- Exercise input:
==========
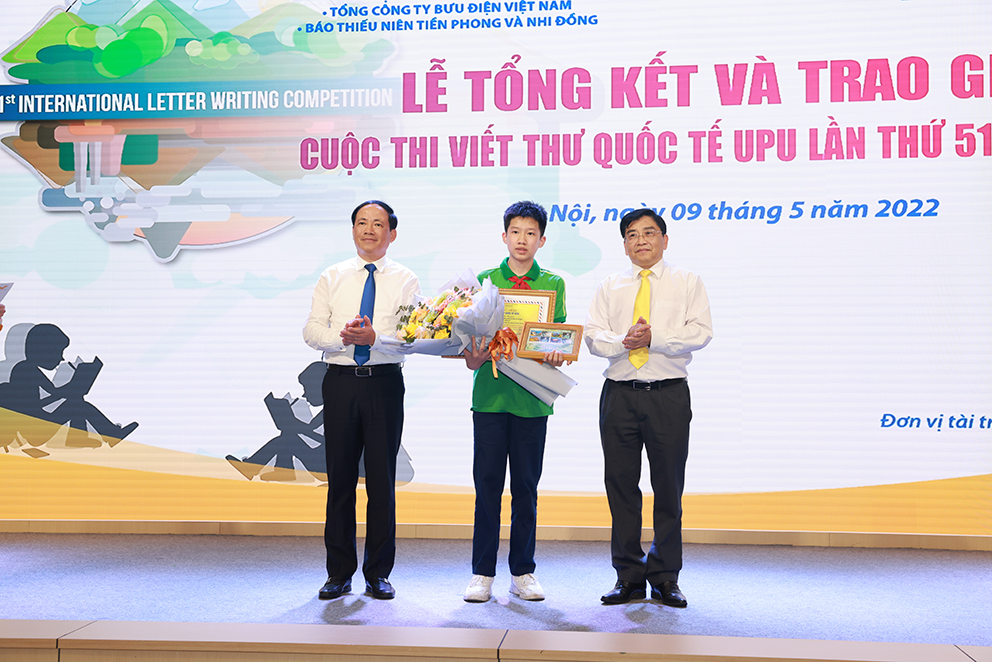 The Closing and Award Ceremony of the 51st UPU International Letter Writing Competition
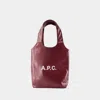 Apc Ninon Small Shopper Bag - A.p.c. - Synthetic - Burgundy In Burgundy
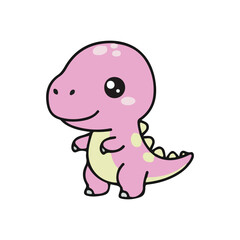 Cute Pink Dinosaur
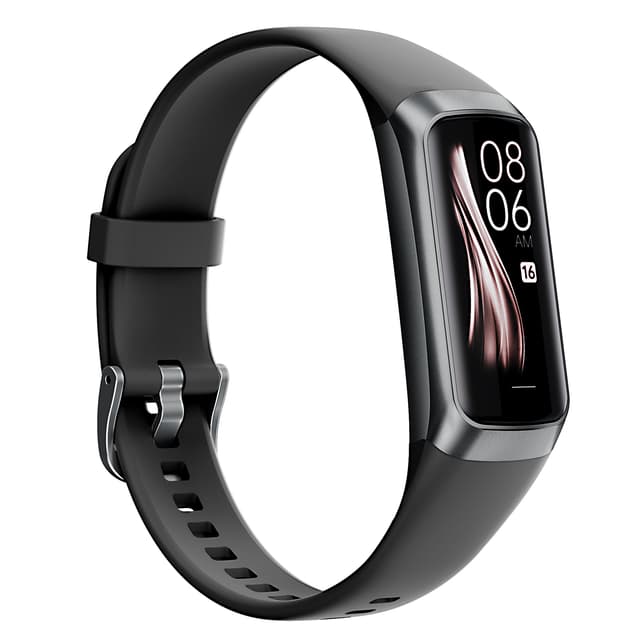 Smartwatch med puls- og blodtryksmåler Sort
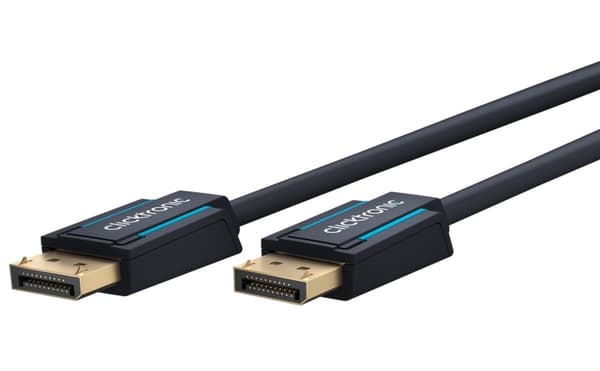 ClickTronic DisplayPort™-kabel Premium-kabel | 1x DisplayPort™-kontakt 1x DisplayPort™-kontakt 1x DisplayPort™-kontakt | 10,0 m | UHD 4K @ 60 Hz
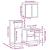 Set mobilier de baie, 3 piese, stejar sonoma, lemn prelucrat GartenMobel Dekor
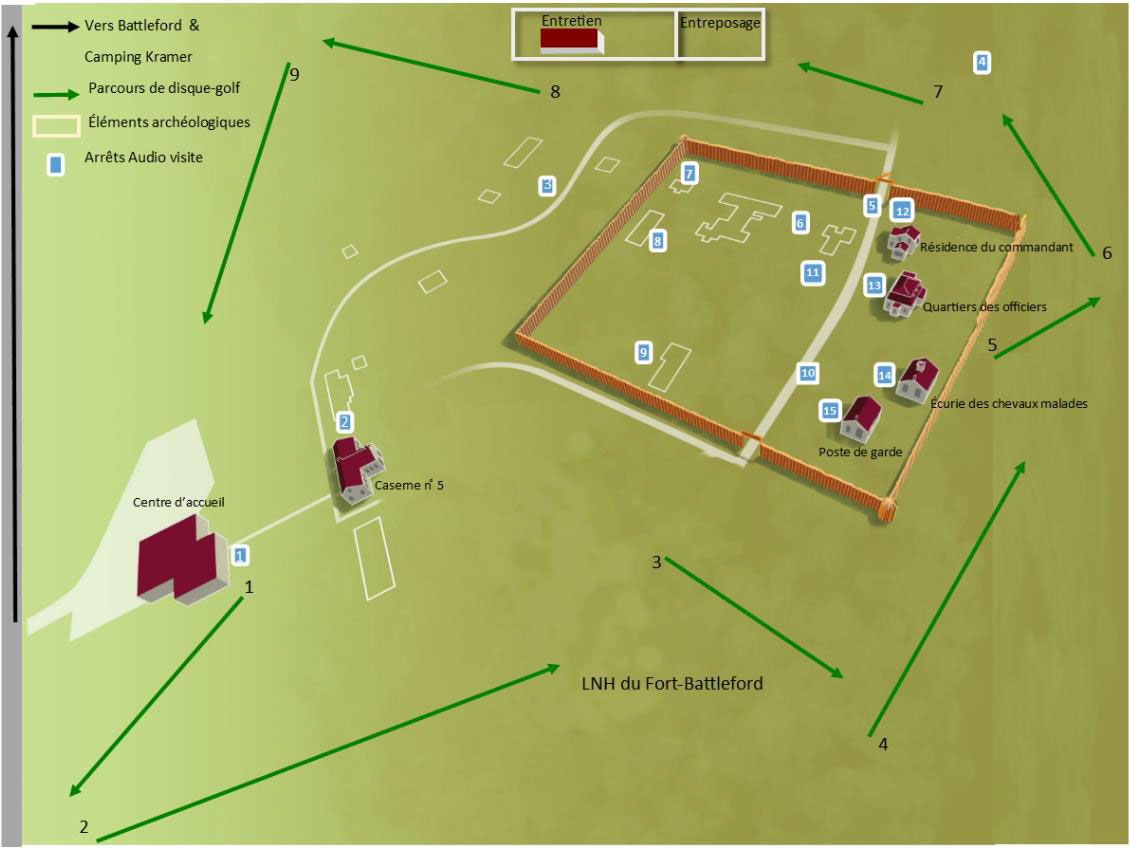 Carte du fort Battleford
==========
- Work item: Beginning with the line that holds "Cute Pink Dinosaur", return each line through the end of the records above exactly. Do not include pictures.

- Response:
 Cute Pink Dinosaur
 Smartwatch med puls- og blodtryksmåler Sort
 ClickTronic DisplayPort™-kabel Premium-kabel | 1x DisplayPort™-kontakt 1x DisplayPort™-kontakt 1x DisplayPort™-kontakt | 10,0 m | UHD 4K @ 60 Hz
 Set mobilier de baie, 3 piese, stejar sonoma, lemn prelucrat GartenMobel Dekor
 Carte du fort Battleford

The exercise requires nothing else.